*Description of the task*:
The span to repeat in the listing below runs from the line containing "West Texas free range Aoudad" to the line containing "Horse Color:White Spotted", inclusive. Repeat it exactly, and only it.

*Data extract*:
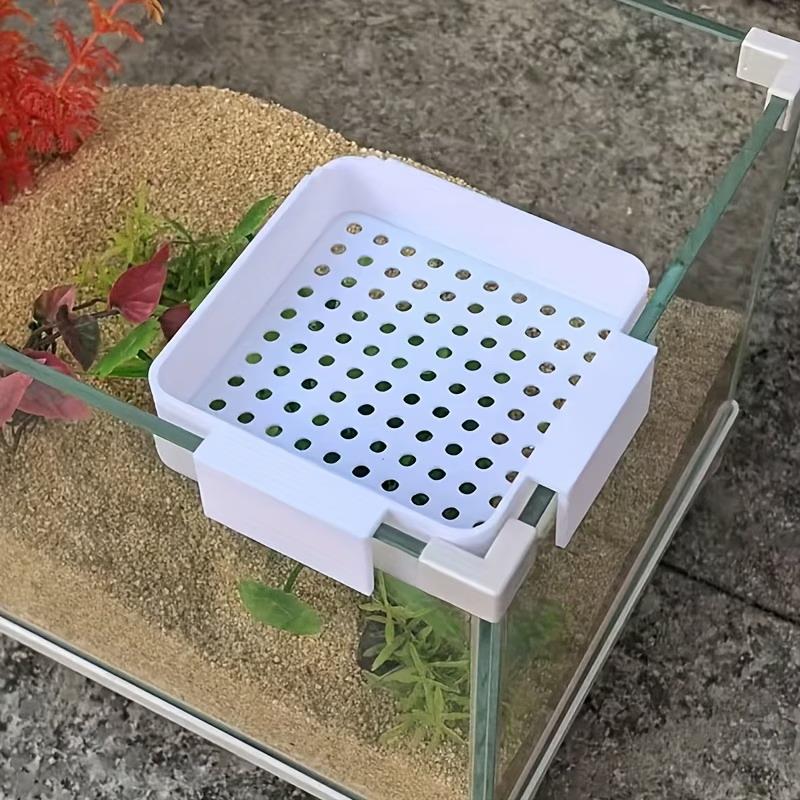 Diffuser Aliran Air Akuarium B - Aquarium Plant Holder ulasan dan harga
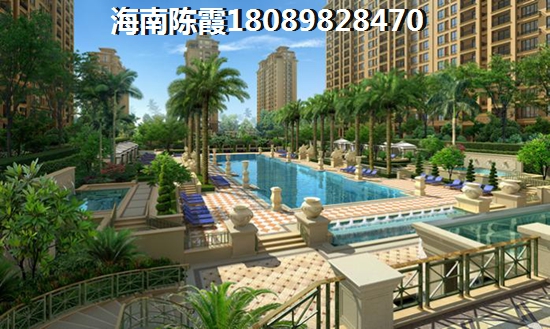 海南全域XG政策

--

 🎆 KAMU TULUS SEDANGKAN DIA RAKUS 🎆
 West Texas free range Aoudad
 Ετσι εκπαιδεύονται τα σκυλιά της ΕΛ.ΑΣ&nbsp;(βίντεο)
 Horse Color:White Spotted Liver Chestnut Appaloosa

==

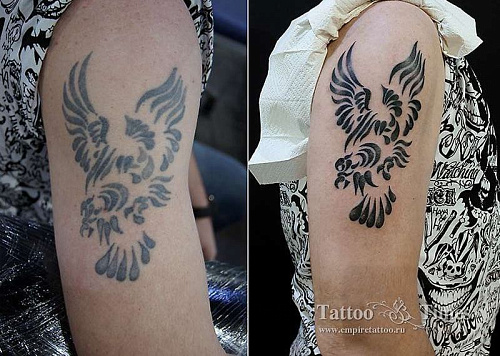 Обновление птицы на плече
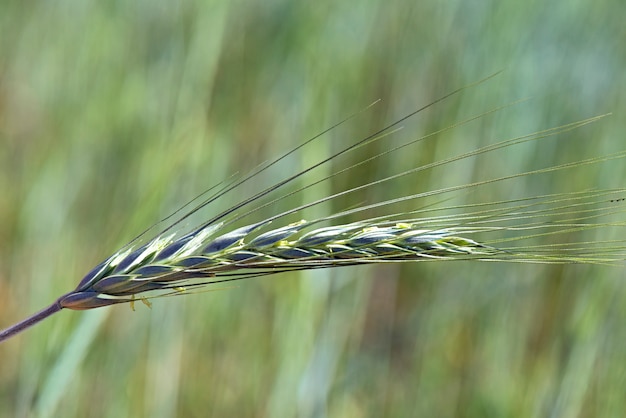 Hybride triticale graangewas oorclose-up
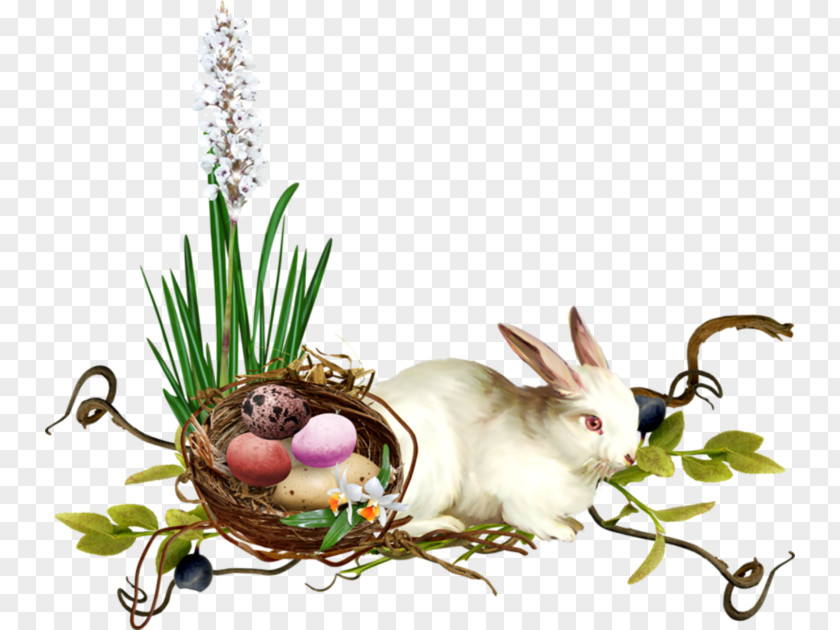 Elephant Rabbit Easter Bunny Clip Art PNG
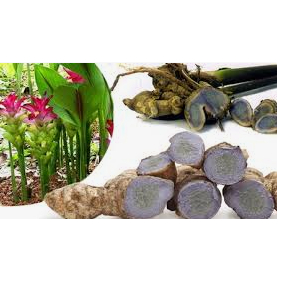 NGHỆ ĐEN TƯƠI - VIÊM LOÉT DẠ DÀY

*Reply to the exercise*:
 West Texas free range Aoudad
 Ετσι εκπαιδεύονται τα σκυλιά της ΕΛ.ΑΣ&nbsp;(βίντεο)
 Horse Color:White Spotted Liver Chestnut Appaloosa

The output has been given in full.